A: Confirming Strep Bacteremia relies heavily on blood cultures. For critically ill patients, optimizing blood culture yield is paramount. Evidence suggests drawing multiple blood culture sets (2-3 sets) from separate venipuncture sites before initiating antibiotic therapy maximizes sensitivity. Each set should include both aerobic and anaerobic bottles. The volume of blood drawn per bottle is crucial, with optimal yield achieved with 10-20mL per bottle for adults. Inadequate blood volume is a common reason for false negatives. Consider implementing standardized blood culture collection protocols in your ICU to improve diagnostic accuracy. Explore how automated blood culture systems with continuous monitoring capabilities can further enhance timely detection of Strep Bacteremia.

Q: How do I differentiate Strep Bacteremia from other causes of sepsis and septic shock, particularly in cases presenting with atypical symptoms or underlying comorbidities?

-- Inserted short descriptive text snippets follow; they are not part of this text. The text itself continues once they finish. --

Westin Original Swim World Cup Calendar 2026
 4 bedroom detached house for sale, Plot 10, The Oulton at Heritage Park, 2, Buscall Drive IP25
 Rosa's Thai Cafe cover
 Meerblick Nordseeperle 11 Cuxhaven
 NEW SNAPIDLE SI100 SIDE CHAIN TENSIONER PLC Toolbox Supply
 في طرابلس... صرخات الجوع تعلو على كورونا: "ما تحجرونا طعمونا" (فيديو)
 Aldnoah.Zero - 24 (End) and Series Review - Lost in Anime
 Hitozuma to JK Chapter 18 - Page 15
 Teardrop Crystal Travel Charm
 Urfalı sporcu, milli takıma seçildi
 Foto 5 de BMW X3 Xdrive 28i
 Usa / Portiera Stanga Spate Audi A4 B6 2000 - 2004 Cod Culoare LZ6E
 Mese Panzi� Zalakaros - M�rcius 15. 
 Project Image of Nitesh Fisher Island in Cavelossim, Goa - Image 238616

A: Differentiating Strep Bacteremia from other causes of sepsis and septic shock can be challenging, especially with atypical presentations or comorbidities. While blood cultures are essential for definitive diagnosis, their results are not immediate. Clinicians should consider a comprehensive approach incorporating detailed patient history (including recent infections, invasive procedures, or immunosuppression), thorough physical examination (assessing for signs of focal infection), and laboratory markers like procalcitonin and lactate in addition to a complete blood count with differential. A high index of suspicion for Strep Bacteremia should be maintained in patients with predisposing factors like indwelling catheters, heart valve disease, or recent streptococcal infections (e.g., pharyngitis, pneumonia). Learn more about risk stratification tools and clinical pathways for sepsis management to aid early recognition and appropriate treatment.

Quick Tips

Practical Coding Tips
  • Code A40.81 for Strep bacteremia
  • Document Strep species
  • Query physician for source
  • Check for sepsis codes
  • Consider underlying conditions

Documentation Templates

Patient presents with signs and symptoms suggestive of Streptococcus bacteremia.  Clinical presentation includes fever, chills, rigors, tachycardia, hypotension, and possible altered mental status.  Patient may exhibit leukocytosis with a left shift.  Source of infection is being investigated and may include pneumonia, endocarditis, cellulitis, urinary tract infection, or a primary bloodstream infection.  Blood cultures have been drawn and are pending.  Differential diagnosis includes sepsis, other bacterial infections, viral infections, and inflammatory conditions.  Initial treatment includes broad-spectrum antibiotics with coverage for Streptococcus species such as penicillin, ceftriaxone, or vancomycin pending sensitivities.  Fluid resuscitation and supportive care are being initiated.  Further diagnostic workup may include echocardiogram, chest x-ray, urinalysis, and other imaging studies as clinically indicated.  Patient's condition and response to treatment will be closely monitored.  ICD-10 code B95.1 Streptococcus, group B, as the cause of diseases classified elsewhere will be considered, along with codes for the source of infection once identified.  CPT codes for blood cultures (87040, 87045), and other diagnostic tests and procedures performed will be documented.  Medical decision making is of moderate to high complexity given the potential severity of streptococcal bacteremia.  Prognosis depends on the source of infection, patient's overall health, and promptness of treatment.